しかしやがて色々あってエアバニは死んでしまうことになり、それによりギルガメシュは深い悲しみに襲われることになり、不死について考えるようになる。そして遥か西方に永遠に生きる人物シストロスがいると噂を聞いて、彼に会うために西方に向かう。
シストロスの国に辿り着いたギルガメシュは、どんな人も死を自覚(覚悟)しなければならない*1ことを学ぶ。
そしてギルガメシュはシストロスに尋ねる。(以下そのまま「歴史を生きる」から引用。)

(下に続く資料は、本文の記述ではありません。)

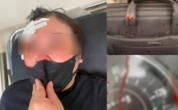 Dừng xe nghe điện thoại, người phụ nữ bị đánh giữa phố Hà Nội bằng gậy sắt: Nguyên nhân được tiết lộ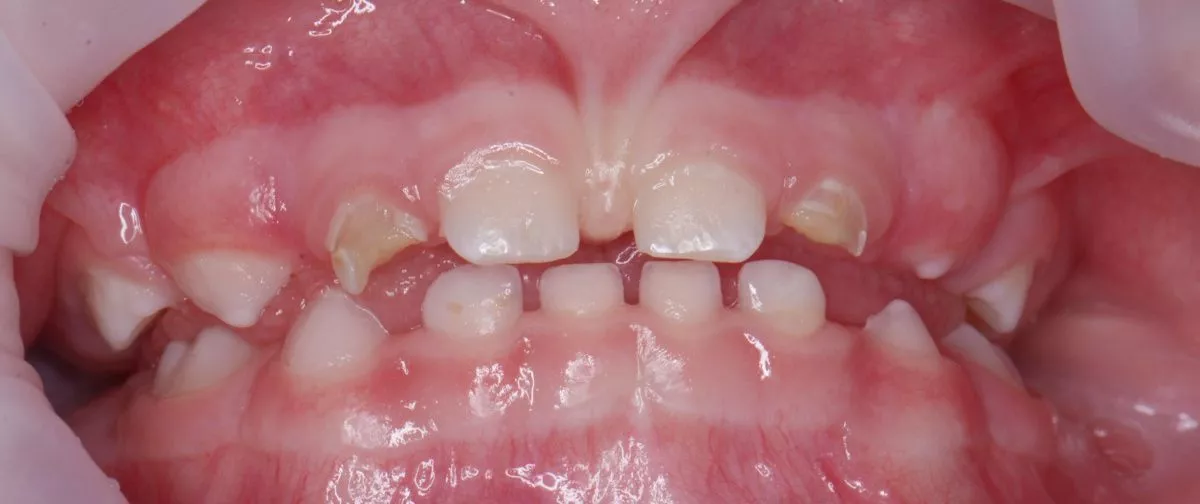 етская стоматология лечение под наркозом. Лечение под наркозом - установка коронок и профессиональная гигиена у детей - до процедуры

「どのようにしてあなたは、自分の存在の永遠なる核心を知ることができたのですか。なぜあなたは不死を自覚できたのですか。」
そうするとシストロスはこう答えます。
「あなたもそうなることができます。けれどもそうなるには、私と同じように恐怖と不安と孤独のすべてに耐えなければなりません。神エアが人類のこれ以上存続すべきでない土地を破滅させようと定めたとき―—アトランティスの大破局のことです―—、神エアは私に、船の中に座っていなさい、と命じられました。私は生き続けるべき人びとと一緒に船に乗り、大破局を生き延びたのです。」
シュタイナー「歴史を生きる」P23
そしてなんやかんかあってギルガメシュはその後不老不死の秘薬を手に入れるが、ある時蛇に奪われてしまう。しかし魂の不死を知ったギルガメシュは、それでもエアバニに会いたいと願う。
すると本当にエアバニの霊が現れて、ギルガメシュは親友と再会を果たす。
(このあたりの内容については、ずんだもん動画で分かりやすくまとめてくれている人がいるので、参考にされたい。当たり前だがアトランティスとかの話は出てこない。)
この物語に登場するギルガメシュは神的な本性を持つが、一方のエアバニはもっと人間的で「若い魂」を持っている。転生回数がまだあまり多くないので、太古の見霊能力を持っている。
ギルガメシュとエアバニの転生
このバビロニア=カルデア文化期になされたことが、ギリシャ=ラテン文化期にも形を変えて繰り返される。すなわちギルガメシュはアレクサンドロス大王に転生し*2、エアバニはその師アリストテレスに転生した。そしてアレクサンドリアで、霊的な力が個人的な力へと変わった。キリスト教がこの地から生まれたのもそのため。非個人的な道徳を謳うはずのキリスト教だが、この地のキリスト教徒から四世紀の大司教テオピロスと、その後継・血縁者のキュリロス*3のような個人的・利己的な人物が現れたのもそのため。キリスト教はその初期には、みずからの最大の弱点としての、個人的な側面をそのようにさらけ出した。
ヒュパティアの殉教
このアレクサンドリアで、オルフェウスの霊的な本性を物質界に投影した素晴らしい女性がいた。それがヒュパティアである。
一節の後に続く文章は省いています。